Mi cuerpo es mi frontera. Una piel que separa y, al mismo tiempo, invita. Un espacio donde termina lo que llamo yo y empieza el eco de las miradas, las manos, las sensaciones ajenas. A veces me he sentido dentro de mí. Otras, me he visto desde afuera: como cuando te miran demasiado tiempo, te describen el rastro que dejaste o recuerdas una caricia como si aún vibrara en la piel.

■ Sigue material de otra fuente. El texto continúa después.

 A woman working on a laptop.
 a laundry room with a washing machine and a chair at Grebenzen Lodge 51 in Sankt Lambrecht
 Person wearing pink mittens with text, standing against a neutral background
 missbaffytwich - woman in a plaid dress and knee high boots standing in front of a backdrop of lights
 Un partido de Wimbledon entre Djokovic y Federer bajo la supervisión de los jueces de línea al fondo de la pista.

Crecí en un colegio religioso, donde la modestia era virtud y el cuerpo, sospecha. Nos cubríamos los hombros con saco y el escote con jardineras largas. Recuerdo sentirme bien haciéndolo —había algo bello en cuidar la forma—, pero también algo no dicho que hacía ruido: mostrar era provocar, el deseo era un problema.

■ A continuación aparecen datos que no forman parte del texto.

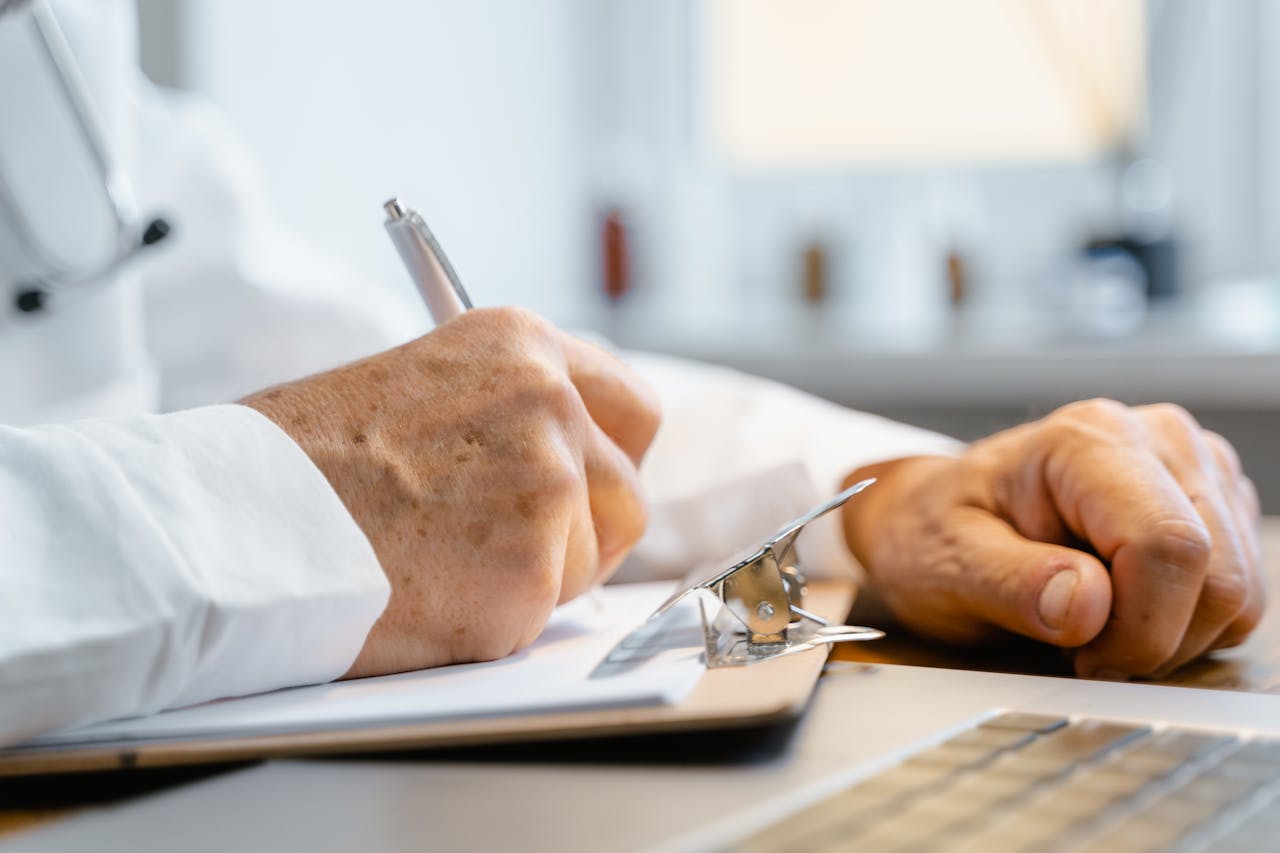 dentist writing on the notebook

Había orgullo en ser “modesta”, pero también miedo. Miedo a las miradas, al juicio. Y mientras tanto, mi cuerpo cambiaba. Crecía. Ocupaba más espacio. Se hacía presente, sobre todo a través de la sensación de separación del resto.
Nadie me explicó por qué cubrirse podía sentirse como dignidad un día y culpa al siguiente.

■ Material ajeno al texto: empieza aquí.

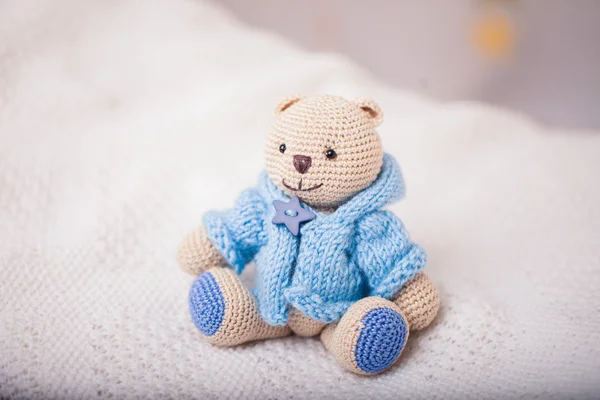 Orso all'uncinetto beige vestito su maglione blu su sfondo chiaro — Foto Stock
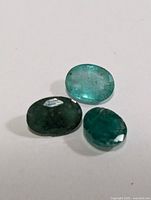 Three oval-cut genuine emerald gemstones placed on a white surface showing natural inclusions and varying green shades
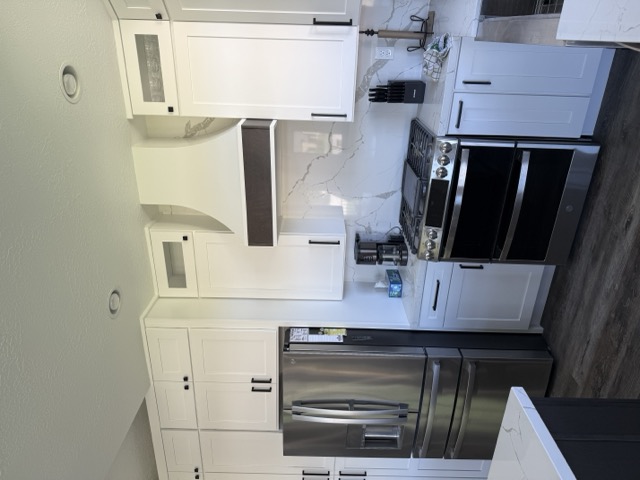 White shaker cabinets with custom range hood and quartz backsplash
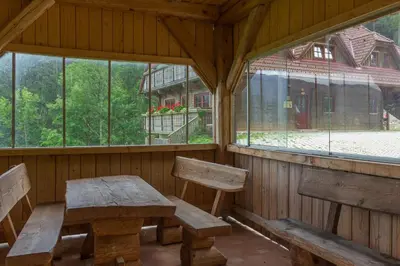 an empty room with a wooden table and benches at Apartments Petek in Gornji Grad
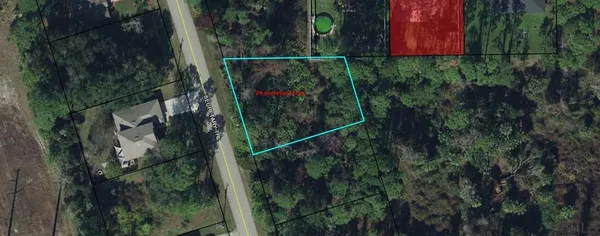 a view of a yard and deck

Aprendí a sentarme con las piernas cruzadas, a pasar desapercibida, a medir el largo de mi falda con mi valor. Sin embargo, algo en mí seguía respirando debajo de la tela. Algo que no era pecado, aunque así lo pareciera.
Era simplemente yo habitándome.
Un día, sin darme cuenta, entendí que no se trataba solo de cubrir o descubrir el cuerpo, sino de reconocer que yo era cuerpo, y que este hecho me hacía sentir próxima pero lejana de los otros.
Sentí placer en moverme con libertad, bailar sola, dejar que mi cuerpo fuera más que una silueta. Me descubrí conociéndome sin vergüenza, y en ese reconocimiento apareció otra forma de existir: conectar.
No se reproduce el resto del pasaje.